§ INSTRUCTIONS TO FOLLOW
The answer must be an exact reproduction of the lines from the start of the records below through the line containing "小姐姐身上|十分气质长发的小", and nothing more.

Stored records:
•••••
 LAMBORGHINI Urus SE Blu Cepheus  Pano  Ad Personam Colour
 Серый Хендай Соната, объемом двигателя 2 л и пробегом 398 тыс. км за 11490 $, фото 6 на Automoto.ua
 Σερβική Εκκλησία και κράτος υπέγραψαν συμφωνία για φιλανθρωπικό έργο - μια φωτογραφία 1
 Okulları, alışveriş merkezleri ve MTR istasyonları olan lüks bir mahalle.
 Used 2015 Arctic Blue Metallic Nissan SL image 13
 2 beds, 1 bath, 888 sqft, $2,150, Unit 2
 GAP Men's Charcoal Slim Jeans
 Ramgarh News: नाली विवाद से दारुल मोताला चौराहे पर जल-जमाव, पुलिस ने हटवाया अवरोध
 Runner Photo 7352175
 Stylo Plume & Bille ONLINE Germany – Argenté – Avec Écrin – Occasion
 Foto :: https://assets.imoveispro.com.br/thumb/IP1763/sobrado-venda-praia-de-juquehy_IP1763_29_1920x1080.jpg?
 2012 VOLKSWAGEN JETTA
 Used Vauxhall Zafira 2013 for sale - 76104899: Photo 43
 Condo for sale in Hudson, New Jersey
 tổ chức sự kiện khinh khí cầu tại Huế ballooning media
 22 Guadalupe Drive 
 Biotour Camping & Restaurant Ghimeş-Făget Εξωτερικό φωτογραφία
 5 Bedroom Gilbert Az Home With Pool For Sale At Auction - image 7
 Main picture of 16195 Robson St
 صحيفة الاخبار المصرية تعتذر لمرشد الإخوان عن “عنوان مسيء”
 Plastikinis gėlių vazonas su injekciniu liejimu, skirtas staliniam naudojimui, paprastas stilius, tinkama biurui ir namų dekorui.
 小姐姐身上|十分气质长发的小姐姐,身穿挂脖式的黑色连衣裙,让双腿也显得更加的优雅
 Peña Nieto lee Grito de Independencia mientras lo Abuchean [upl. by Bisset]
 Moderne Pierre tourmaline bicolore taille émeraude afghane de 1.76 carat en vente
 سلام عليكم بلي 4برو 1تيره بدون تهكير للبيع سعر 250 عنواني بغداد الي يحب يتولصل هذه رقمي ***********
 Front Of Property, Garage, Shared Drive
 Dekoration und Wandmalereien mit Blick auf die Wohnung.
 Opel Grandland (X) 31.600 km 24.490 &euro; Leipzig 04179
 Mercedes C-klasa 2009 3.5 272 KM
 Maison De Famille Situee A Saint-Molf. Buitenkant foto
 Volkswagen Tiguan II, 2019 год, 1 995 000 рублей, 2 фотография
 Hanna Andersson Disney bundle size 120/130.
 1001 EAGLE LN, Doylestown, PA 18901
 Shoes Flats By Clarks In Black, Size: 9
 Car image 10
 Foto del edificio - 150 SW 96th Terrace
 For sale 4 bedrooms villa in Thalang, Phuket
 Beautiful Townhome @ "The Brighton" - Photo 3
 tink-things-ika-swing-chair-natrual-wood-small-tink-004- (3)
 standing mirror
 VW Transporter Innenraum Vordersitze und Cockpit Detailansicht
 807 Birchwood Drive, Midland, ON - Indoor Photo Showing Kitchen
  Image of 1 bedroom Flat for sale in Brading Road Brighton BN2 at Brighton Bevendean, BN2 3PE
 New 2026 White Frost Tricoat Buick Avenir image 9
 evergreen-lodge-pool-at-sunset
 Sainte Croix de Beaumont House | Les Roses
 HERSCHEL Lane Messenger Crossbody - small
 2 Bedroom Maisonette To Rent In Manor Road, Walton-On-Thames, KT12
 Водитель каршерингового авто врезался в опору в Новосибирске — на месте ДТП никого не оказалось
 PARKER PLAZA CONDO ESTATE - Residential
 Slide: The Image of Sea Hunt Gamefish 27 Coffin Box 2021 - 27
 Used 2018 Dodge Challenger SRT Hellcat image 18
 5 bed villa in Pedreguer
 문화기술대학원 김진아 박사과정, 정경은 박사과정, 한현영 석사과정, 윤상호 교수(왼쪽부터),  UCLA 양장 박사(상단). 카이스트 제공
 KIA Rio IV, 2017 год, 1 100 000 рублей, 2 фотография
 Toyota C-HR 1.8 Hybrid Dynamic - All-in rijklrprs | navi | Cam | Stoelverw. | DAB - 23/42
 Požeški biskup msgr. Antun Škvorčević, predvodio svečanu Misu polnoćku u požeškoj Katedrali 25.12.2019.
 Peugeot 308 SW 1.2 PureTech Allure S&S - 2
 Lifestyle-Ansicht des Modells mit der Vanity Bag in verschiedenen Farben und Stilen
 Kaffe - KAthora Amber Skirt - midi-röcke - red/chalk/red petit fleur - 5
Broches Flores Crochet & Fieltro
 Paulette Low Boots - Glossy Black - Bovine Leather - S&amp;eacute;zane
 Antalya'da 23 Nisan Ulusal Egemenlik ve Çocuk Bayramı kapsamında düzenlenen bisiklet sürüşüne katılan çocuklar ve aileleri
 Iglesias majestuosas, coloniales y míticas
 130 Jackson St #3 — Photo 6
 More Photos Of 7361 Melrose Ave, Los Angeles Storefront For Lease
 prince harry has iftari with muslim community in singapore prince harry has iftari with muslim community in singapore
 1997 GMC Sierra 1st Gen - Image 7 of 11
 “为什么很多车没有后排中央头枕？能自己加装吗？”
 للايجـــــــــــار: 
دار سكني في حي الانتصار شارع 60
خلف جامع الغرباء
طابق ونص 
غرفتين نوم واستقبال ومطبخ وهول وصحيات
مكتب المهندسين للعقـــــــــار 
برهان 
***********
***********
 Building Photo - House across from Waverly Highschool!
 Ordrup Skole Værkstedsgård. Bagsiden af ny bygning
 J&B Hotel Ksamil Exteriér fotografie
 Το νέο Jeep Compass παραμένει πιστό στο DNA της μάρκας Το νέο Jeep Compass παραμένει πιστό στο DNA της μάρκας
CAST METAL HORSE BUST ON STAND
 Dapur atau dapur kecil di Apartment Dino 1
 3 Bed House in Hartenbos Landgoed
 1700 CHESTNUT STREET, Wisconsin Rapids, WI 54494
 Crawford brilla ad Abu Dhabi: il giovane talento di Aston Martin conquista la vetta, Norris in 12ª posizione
•••••
§ OUTPUT OF THE EXERCISE
 LAMBORGHINI Urus SE Blu Cepheus  Pano  Ad Personam Colour
 Серый Хендай Соната, объемом двигателя 2 л и пробегом 398 тыс. км за 11490 $, фото 6 на Automoto.ua
 Σερβική Εκκλησία και κράτος υπέγραψαν συμφωνία για φιλανθρωπικό έργο - μια φωτογραφία 1
 Okulları, alışveriş merkezleri ve MTR istasyonları olan lüks bir mahalle.
 Used 2015 Arctic Blue Metallic Nissan SL image 13
 2 beds, 1 bath, 888 sqft, $2,150, Unit 2
 GAP Men's Charcoal Slim Jeans
 Ramgarh News: नाली विवाद से दारुल मोताला चौराहे पर जल-जमाव, पुलिस ने हटवाया अवरोध
 Runner Photo 7352175
 Stylo Plume & Bille ONLINE Germany – Argenté – Avec Écrin – Occasion
 Foto :: https://assets.imoveispro.com.br/thumb/IP1763/sobrado-venda-praia-de-juquehy_IP1763_29_1920x1080.jpg?
 2012 VOLKSWAGEN JETTA
 Used Vauxhall Zafira 2013 for sale - 76104899: Photo 43
 Condo for sale in Hudson, New Jersey
 tổ chức sự kiện khinh khí cầu tại Huế ballooning media
 22 Guadalupe Drive 
 Biotour Camping & Restaurant Ghimeş-Făget Εξωτερικό φωτογραφία
 5 Bedroom Gilbert Az Home With Pool For Sale At Auction - image 7
 Main picture of 16195 Robson St
 صحيفة الاخبار المصرية تعتذر لمرشد الإخوان عن “عنوان مسيء”
 Plastikinis gėlių vazonas su injekciniu liejimu, skirtas staliniam naudojimui, paprastas stilius, tinkama biurui ir namų dekorui.
 小姐姐身上|十分气质长发的小姐姐,身穿挂脖式的黑色连衣裙,让双腿也显得更加的优雅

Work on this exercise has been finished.